Community The War on Women: Who tells women what to wear on a...

    The War on Women: Who tells women what to wear on a run?


    Imagine this. It’s a beautiful summer day. It’s 30C outside. Humidity of 85%. The sun is beating down on you. You’ve picked your outfit, you’ve lathered on the sunscreen, and you head out the door. 

    Now pause. Take a moment here to imagine your outfit and the people you run with. What do you see? I see a mix of men and women. I see various lengths of shorts, mostly on the shorter side of things. I see hats. I see sunglasses. I see bare chests (men) and sports bras (women), maybe some tanks, definitely no tees. It’s the kind of day where to really get into your zone you will need to feel as cool as possible.

    Now picture this. You are at your place of practice. You are spinning laps with your teammates. Someone walks out to the women and demands that they leave because the sports bras the women are wearing are interrupting the concentration of a team that is practicing on the infield.

    I would love to say that this is a fictional tale, well more like a fictional nightmare, but it is reality. And no, it’s not reality that I dug up from a lifetime ago, it is reality right now for the women of Rowan University Cross-Country Team.

    The cross-country team has been banned from using the track during football practice, not because a flying football might present a hazard but because the women running in sports bras are too distracting for the men’s football team.

    Some would say this is rape culture talking, others would argue something different. What I think we can all agree on is that it is no one’s place to tell us what we are to wear or not wear when running.
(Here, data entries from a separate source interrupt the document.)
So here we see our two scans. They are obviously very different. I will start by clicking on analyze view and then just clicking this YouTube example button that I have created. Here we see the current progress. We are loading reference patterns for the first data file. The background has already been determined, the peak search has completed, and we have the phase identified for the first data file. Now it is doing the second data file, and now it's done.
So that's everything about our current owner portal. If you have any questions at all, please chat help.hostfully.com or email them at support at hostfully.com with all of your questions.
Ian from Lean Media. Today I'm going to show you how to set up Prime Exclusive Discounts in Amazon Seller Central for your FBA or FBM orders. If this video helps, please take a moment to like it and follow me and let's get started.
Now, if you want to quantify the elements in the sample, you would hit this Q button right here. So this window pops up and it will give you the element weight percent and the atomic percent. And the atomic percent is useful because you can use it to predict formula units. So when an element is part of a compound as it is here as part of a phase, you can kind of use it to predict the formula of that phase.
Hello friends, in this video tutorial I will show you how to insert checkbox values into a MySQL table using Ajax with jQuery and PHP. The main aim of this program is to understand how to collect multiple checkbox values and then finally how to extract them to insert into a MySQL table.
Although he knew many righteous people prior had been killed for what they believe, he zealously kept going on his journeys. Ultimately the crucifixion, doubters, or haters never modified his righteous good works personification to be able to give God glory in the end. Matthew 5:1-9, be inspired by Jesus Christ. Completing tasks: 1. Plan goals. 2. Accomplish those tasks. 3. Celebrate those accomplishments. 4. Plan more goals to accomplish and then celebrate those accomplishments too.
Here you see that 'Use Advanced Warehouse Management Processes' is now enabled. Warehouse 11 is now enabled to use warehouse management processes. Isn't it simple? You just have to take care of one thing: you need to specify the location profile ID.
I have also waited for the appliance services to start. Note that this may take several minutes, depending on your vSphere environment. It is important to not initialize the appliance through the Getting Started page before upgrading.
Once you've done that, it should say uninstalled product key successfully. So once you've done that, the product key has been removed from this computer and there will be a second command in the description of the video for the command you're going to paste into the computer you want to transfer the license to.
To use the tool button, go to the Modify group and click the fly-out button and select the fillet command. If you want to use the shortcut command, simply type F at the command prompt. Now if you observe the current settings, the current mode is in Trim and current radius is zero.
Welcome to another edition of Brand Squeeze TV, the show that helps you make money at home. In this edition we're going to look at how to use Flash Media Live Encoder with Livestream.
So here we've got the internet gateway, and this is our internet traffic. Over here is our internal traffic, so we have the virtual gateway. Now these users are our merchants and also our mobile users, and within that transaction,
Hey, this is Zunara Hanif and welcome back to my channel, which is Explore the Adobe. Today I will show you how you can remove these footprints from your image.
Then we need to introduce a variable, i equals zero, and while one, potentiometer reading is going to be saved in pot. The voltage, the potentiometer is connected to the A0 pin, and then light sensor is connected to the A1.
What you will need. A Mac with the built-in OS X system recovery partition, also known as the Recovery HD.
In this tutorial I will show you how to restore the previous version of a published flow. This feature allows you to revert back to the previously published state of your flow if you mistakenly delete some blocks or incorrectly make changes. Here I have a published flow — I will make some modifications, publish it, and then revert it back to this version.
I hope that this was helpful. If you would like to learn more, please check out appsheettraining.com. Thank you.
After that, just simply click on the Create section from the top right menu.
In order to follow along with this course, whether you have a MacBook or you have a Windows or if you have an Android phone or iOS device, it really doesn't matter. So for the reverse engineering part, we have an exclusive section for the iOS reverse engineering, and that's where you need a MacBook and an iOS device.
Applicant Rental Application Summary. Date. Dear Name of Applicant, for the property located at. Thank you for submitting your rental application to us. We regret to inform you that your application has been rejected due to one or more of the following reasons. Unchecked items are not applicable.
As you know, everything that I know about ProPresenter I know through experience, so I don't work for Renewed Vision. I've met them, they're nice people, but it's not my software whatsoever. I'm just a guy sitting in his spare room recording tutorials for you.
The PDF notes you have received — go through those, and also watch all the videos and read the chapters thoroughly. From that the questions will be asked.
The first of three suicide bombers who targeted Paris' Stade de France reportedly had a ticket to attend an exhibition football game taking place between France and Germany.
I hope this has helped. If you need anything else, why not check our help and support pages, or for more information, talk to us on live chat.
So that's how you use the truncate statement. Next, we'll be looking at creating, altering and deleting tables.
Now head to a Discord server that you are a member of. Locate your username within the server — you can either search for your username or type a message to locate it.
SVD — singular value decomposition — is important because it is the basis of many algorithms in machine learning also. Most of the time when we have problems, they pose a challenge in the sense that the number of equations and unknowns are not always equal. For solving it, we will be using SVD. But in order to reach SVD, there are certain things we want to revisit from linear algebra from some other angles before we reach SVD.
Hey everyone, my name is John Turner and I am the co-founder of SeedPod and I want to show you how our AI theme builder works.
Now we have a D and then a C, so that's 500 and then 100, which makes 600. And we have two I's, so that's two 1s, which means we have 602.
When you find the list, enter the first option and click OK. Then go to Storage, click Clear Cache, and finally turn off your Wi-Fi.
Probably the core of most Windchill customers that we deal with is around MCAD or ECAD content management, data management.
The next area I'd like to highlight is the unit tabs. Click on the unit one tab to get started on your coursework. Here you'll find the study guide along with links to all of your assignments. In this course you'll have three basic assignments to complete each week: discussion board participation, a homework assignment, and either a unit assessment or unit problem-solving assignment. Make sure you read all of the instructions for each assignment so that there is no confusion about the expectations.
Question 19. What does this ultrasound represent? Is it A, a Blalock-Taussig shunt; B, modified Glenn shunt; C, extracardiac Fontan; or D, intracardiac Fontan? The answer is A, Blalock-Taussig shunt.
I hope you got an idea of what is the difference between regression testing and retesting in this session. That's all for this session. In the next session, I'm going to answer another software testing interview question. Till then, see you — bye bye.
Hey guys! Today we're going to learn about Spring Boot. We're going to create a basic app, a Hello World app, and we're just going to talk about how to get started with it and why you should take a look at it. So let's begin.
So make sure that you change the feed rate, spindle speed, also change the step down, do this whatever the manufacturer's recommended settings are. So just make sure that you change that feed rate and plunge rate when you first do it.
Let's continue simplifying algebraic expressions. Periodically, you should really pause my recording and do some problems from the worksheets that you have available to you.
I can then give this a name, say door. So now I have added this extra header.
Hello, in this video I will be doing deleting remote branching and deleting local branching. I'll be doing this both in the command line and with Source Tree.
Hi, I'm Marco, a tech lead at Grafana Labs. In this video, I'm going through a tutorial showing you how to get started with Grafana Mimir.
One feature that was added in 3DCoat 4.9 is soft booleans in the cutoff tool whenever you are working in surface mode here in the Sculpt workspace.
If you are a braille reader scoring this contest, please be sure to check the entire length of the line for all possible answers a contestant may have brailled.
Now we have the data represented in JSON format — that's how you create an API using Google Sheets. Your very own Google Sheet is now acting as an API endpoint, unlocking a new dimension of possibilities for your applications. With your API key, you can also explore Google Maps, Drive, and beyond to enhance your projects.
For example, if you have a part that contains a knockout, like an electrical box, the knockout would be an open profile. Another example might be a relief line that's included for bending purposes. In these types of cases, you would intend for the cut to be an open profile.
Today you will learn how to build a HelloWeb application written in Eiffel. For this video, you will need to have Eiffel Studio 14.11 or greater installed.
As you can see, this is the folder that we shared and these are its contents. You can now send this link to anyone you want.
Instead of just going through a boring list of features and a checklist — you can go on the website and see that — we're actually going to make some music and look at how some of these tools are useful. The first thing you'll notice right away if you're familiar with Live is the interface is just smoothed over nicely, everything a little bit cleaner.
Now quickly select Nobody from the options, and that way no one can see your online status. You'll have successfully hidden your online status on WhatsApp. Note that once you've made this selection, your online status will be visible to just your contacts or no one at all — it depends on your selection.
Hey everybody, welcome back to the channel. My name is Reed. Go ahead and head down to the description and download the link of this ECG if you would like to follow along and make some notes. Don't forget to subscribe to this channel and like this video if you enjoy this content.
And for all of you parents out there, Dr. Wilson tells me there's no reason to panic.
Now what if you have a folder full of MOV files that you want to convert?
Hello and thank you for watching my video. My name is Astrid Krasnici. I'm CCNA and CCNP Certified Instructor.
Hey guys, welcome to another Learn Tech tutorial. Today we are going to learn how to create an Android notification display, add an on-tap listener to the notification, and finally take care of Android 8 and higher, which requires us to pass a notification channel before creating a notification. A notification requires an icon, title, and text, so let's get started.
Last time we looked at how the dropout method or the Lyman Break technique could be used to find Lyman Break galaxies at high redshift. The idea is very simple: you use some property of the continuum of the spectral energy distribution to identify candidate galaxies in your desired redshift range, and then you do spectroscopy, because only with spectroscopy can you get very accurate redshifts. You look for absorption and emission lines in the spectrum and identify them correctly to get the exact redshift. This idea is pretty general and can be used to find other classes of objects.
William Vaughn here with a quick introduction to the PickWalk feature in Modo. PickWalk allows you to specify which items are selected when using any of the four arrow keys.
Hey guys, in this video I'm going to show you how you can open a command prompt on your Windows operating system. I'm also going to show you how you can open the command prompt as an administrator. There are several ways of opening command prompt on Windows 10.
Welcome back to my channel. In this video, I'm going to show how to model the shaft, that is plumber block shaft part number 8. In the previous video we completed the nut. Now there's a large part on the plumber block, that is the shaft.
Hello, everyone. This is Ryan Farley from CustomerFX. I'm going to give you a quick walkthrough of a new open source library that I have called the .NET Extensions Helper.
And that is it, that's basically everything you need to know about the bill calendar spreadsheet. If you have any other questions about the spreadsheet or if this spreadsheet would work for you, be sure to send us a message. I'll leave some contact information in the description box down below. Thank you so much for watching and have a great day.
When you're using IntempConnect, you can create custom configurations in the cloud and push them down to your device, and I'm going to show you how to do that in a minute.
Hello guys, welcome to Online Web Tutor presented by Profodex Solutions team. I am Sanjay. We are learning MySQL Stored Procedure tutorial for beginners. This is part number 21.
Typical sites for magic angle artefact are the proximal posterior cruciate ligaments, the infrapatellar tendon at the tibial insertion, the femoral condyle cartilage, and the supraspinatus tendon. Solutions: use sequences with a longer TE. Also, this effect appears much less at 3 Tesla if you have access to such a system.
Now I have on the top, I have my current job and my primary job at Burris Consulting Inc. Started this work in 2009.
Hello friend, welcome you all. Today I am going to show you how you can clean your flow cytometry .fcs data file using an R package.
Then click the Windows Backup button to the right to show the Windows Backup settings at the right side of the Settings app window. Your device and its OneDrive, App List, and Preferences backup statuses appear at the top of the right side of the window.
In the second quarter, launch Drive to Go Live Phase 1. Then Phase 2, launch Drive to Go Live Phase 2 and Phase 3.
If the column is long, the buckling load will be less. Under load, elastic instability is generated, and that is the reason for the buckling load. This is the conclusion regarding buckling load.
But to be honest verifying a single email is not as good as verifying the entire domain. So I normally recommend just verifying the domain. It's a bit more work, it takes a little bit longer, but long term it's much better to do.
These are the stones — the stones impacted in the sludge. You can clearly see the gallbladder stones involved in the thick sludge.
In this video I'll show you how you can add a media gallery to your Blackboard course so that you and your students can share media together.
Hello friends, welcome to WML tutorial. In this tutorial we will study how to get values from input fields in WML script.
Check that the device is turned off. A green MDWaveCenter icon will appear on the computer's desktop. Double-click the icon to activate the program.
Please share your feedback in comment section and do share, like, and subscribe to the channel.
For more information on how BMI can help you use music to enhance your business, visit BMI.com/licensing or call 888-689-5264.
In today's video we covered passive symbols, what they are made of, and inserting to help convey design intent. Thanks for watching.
    In 2011 I was subjected to something similar at the University of Toronto; we were told that when running on the outdoor track we were to be in ‘appropriate athletic attire.’ Apparently “appropriate athletic attire” included wearing a shirt. Thankfully this was not as a targeted women’s issue, but an issue across both sexes; you would be mid workout, drenched in sweat, and a facility person would walk up to you, state ‘you are not wearing appropriate athletic attire,’ stand there until you donned a shirt, and then walk away. Thanks to the Sweat Science of Alex Hutchinson we were able to defend our position to have this rule over-turned.

    Last December I put together an issue with iRun on this very issue, that running is for every body. The elite runners may have made the crop-style racing tops popular, but it’s amazing to see everyone out there racing in this style of top. The science supports that wearing something that allows us to sweat is important, not only are these tops trendy and comfortable, but they are also empowering.

    Stand with me and say ‘not today Rowan University.’ Stand with me and say ‘I demand equity, equality, and diversity.’ Stand with me and say ‘I support the Rowan Cross Country Team.’ Women I ask you to post pictures of yourself in your crop top, men without a shirt on. Together we can fight the good fight and support women’s rights.

    [Editor’s note: since this issue became news, the university issued this response.]


    1. Wow, really? I could understand if the girls/young women’s age in question was under 18, but at University that is crazy. It really speaks volumes about the lack of mental discipline of the football coaches and players if they can’t stay focused on their own active.

    2. How are these running tops any different than a bathing suit top? If the football players are too distracted during practice, I would think the practices aren’t tough enough.